Em um dado momento, eu me instalei aqui, na Bretanha, em um parte da Costa marcada geologicamente por um fenômeno conhecido pelo nome de "complexo centrado".

O trabalho continua, de maneira múltipla.

Quando eu digo "trabalho", eu tenho sempre duas imagens na cabeça: a de um arrecife de corais, que cresce no silêncio e na obscuridade e, depois, emerge; e a de um glaciar. O glaciar se acumula em um centro, e se coloca em movimento, em seu tempo. Ele tem a sua própria potência motora, sua própria energia intrínseca, mas ele utiliza também todos os tipos de materiais: o ventre de um glaciar, a parte que trabalha enquanto a superfície reflete o céu, se assemelha ao papel de vidro com grandes grãos, os "grandes grãos" sendo rochedos.
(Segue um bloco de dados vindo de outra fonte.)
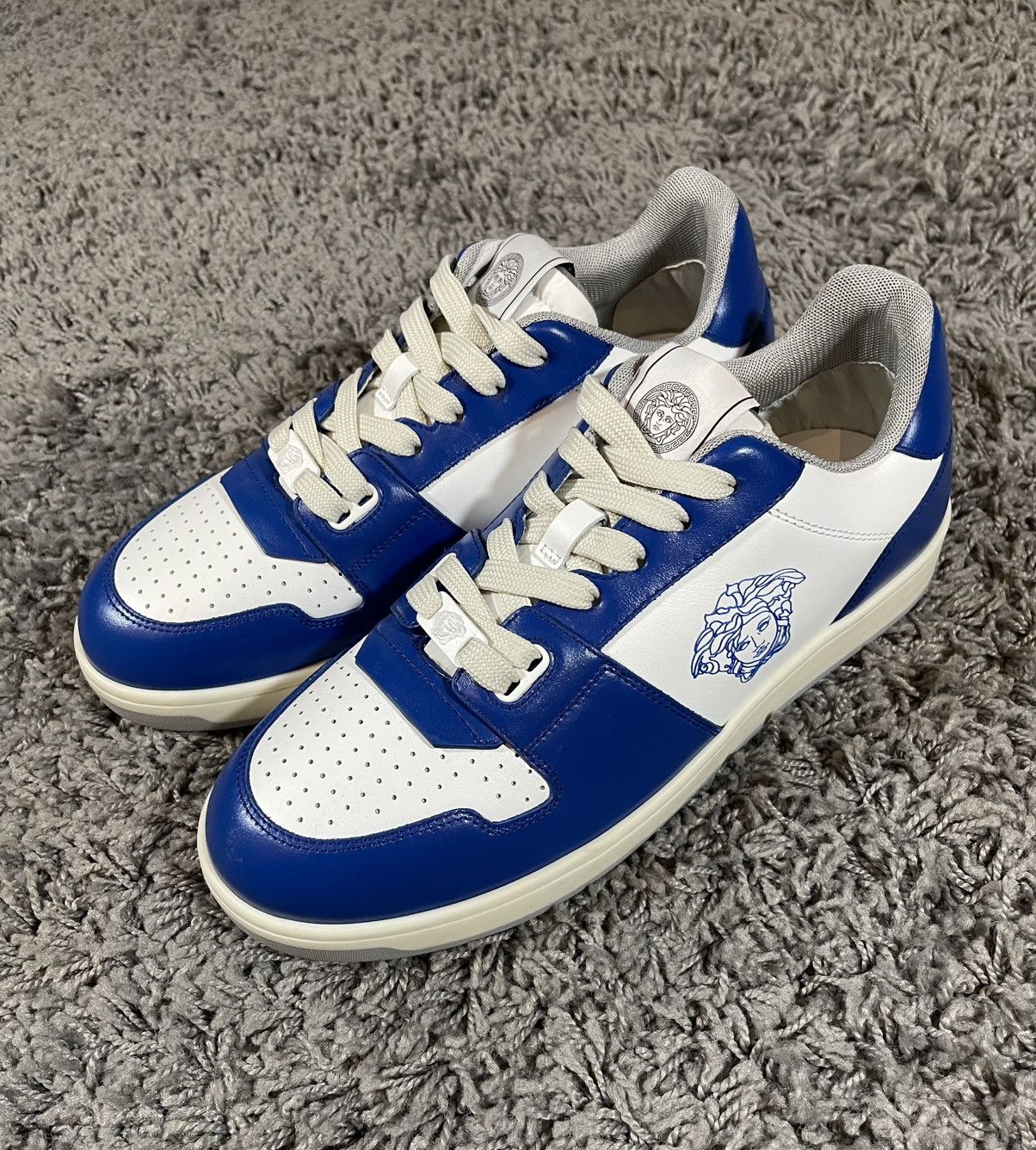 Versace Versace Medusa Logo Leather Sneakers White Blue Size US 8.5 / EU 41-42 - 1 Thumbnail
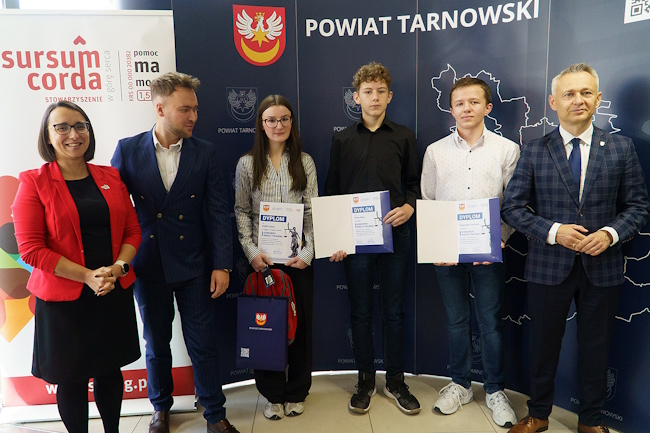 Laureaci konkursu ze szkoły w Ryglicach w towarzystwie swojego opiekuna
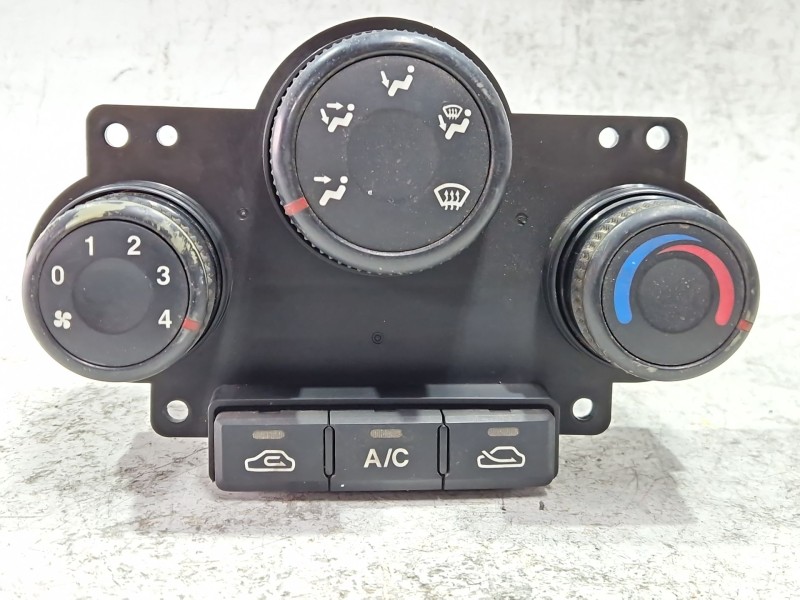 Recambio de mando climatizador para kia carens (rs)(2003) 2.0 crdi referencia OEM IAM 0K2FA61190  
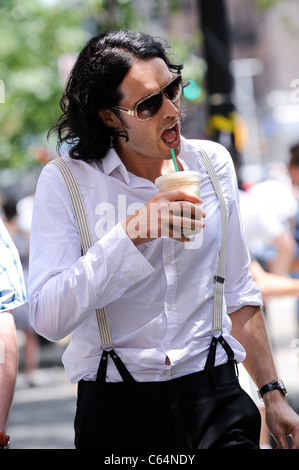 Russell Brand, promenades à sa roulotte au film 'Arthur' situé dans l'East Village dehors et environ pour la célébrité CANDIDS - lundi, Banque D'Images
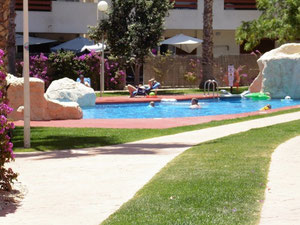 西班牙、瓦伦西亚、托雷维耶哈郊区的公寓 — 来自开发商和业主的房地产搜索引擎 GEOLN.COM. 照片 3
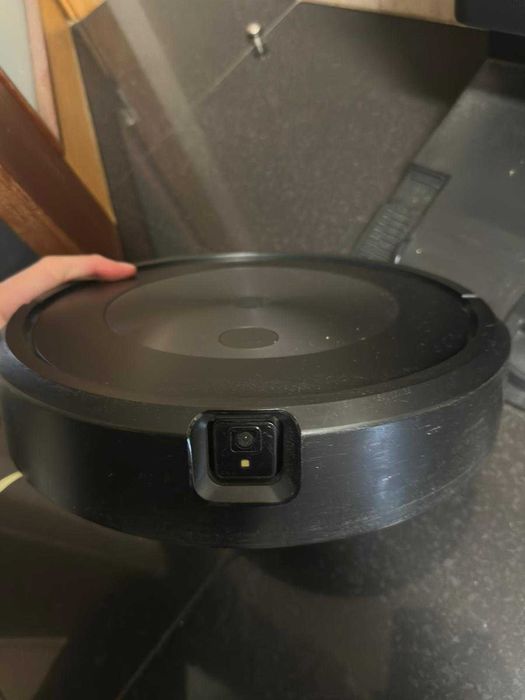 iRobot Roomba j7+ (com Base de Esvaziamento Automático)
Em seu movimento, o glaciar "escreve" a paisagem, deixando traços morfológicos, deixando partes dele mesmo cá e acolá: encontramos rocha escandinava na Escócia, rocha escocesa nos Açores ...

Eu continuo ao longo da costa, de Penmard'h, digamos, até a região dos Abers, ao longo da costa norte em direção à ilha de Bréhat. E, no "ateliê atlântico", as imagens, as sensações dessas caminhadas reúnem leituras nas ciências -bio, - geo e - cosmo, na linguística (filologia) e na filosofia.

Geopoética em curso.

Kenneth WHITE

(Tradução de Jordélia Mendes Brandão)

[1] Trata-se aqui de uma resposta global a várias questões que me foram feitas diretamente na correspondência endereçada ao Instituto, de onde vem o caráter "pessoal" e epistolar deste ensaio.

[2] Vide Cadernos de Geopoética n° 2.

[3] Tradução de Kenneth White e Jean-Paul Michel in Souvenir de Bordeaux, William Blake & Co., Bordeaux, 1984.

[4] Tradução de Jean Mambrino, Granit, 1980.